● **EXERCISE MATERIAL**:
########

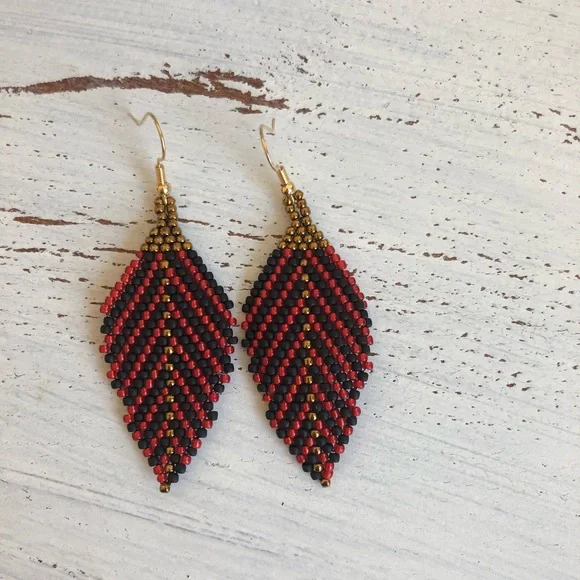 Handmade earrings in red, black and gold - Picture 3 of 5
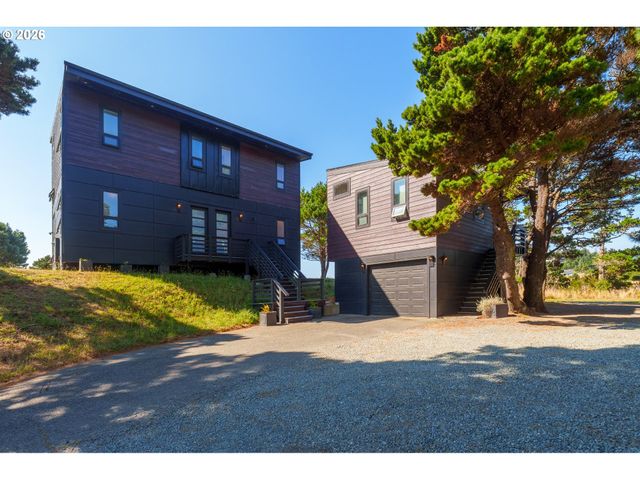 409 Jackson Street, Port Orford, OR 97465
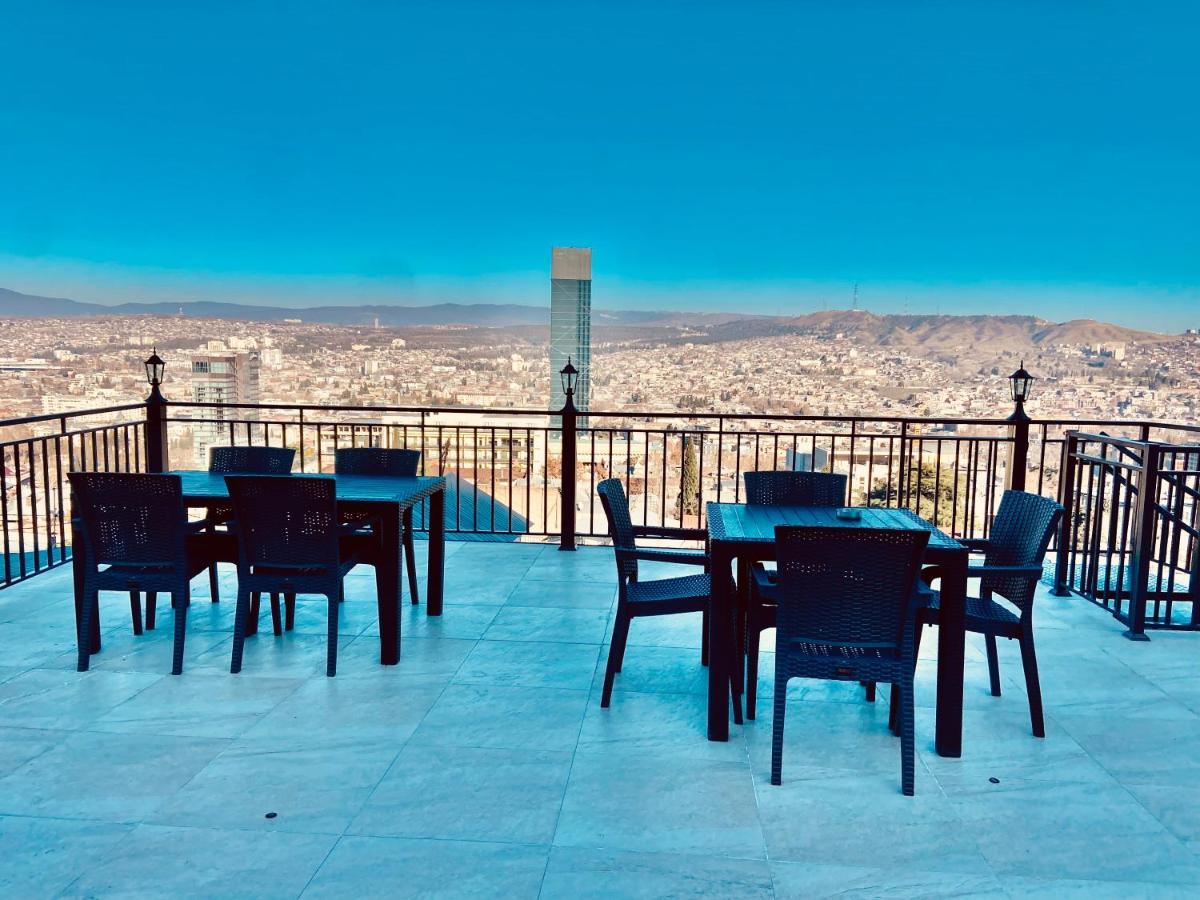 Luxury Apartment In Old Tbilisi With Terrace المظهر الخارجي الصورة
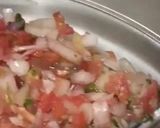 Foto del paso 3 de la receta: Huevos estrellados 🍳 ahogados en salsa de jitomate 🥫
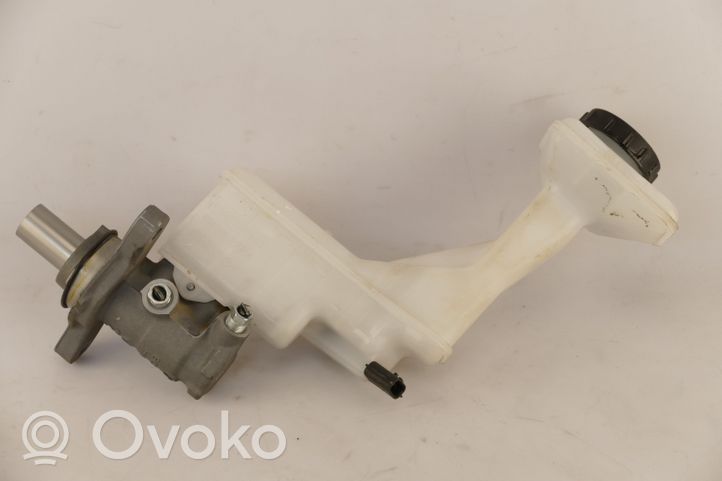 Nissan X-Trail T32 Główny cylinder hamulca 789380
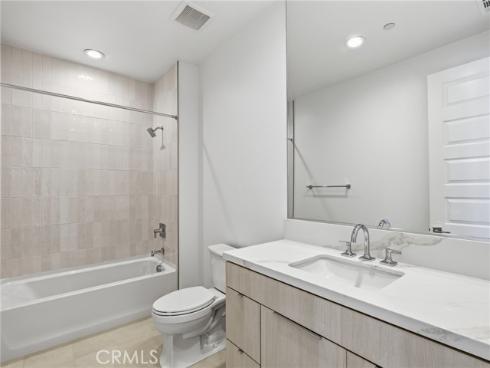 125  Apron  , Irvine, CA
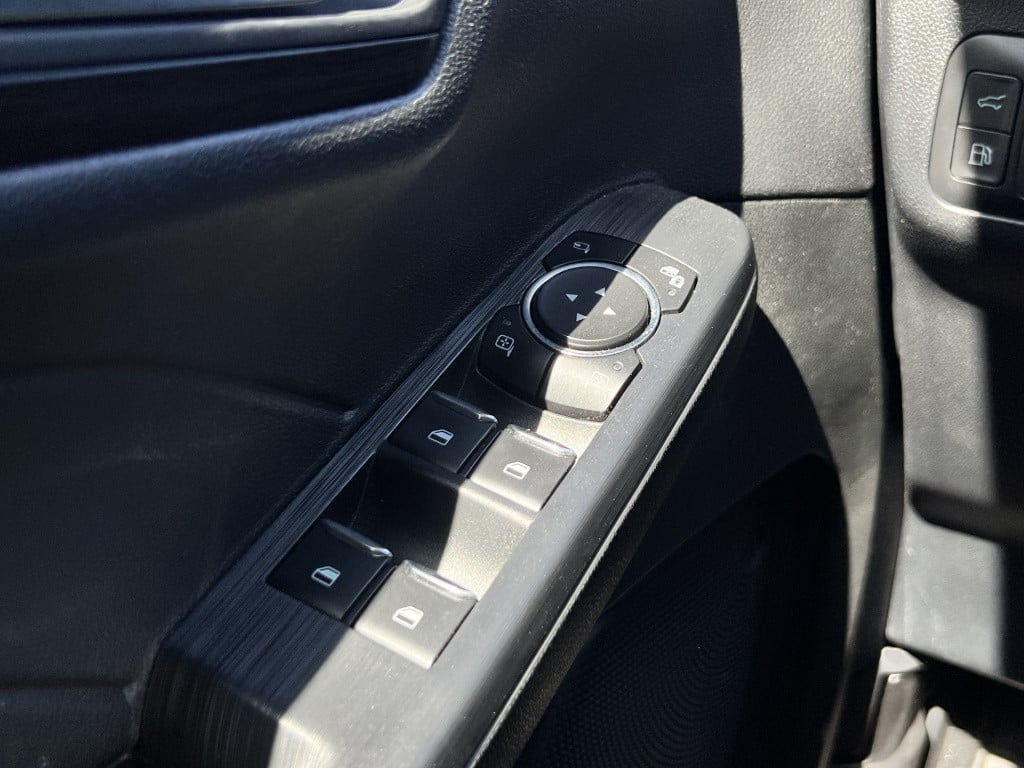 Ford Kuga 2.5 phev vignale | camera | trekhaak | panorama dak | apple/ andr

########

● **YOUR TASK**:
Apart from the pictures, all of the data should be repeated exactly.

● **REPLY TO THE TASK**:
 Handmade earrings in red, black and gold - Picture 3 of 5
 409 Jackson Street, Port Orford, OR 97465
 Luxury Apartment In Old Tbilisi With Terrace المظهر الخارجي الصورة
 Foto del paso 3 de la receta: Huevos estrellados 🍳 ahogados en salsa de jitomate 🥫
 Nissan X-Trail T32 Główny cylinder hamulca 789380
 125  Apron  , Irvine, CA
 Ford Kuga 2.5 phev vignale | camera | trekhaak | panorama dak | apple/ andr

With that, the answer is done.